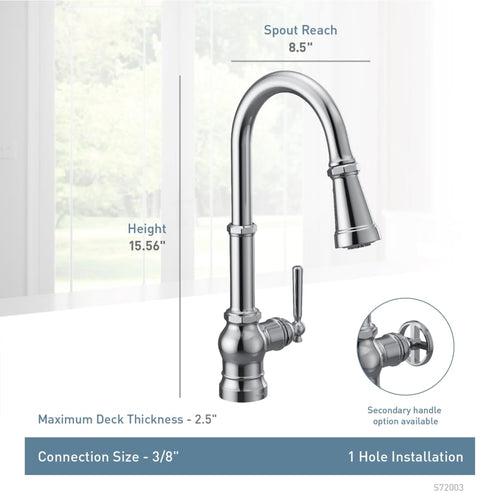 Paterson 1.5 GPM Single Hole Pull Down Kitchen Faucet with Duralast Cartridge and Reflex, PowerBoost, and Duralock Technologies - rh9rnflhhakyywqwrwng_x500.jpg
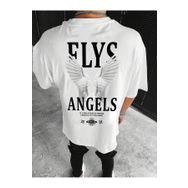 Trendseninle Flys Angels Baskılı Oversize Erkek T-shirt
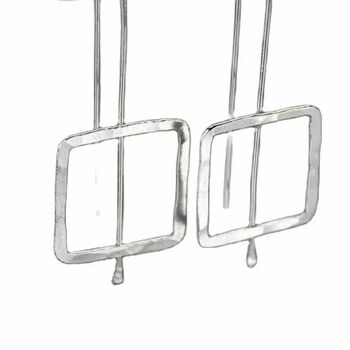 Retro Hammered Square Shape Punk Drop Earrings, 7 of 8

### What is needed
Exact lines, nothing more: output the one with "Trendseninle Flys Angels" and every later line through the end of the data, skipping pictures.

### Output below
 Trendseninle Flys Angels Baskılı Oversize Erkek T-shirt
 Retro Hammered Square Shape Punk Drop Earrings, 7 of 8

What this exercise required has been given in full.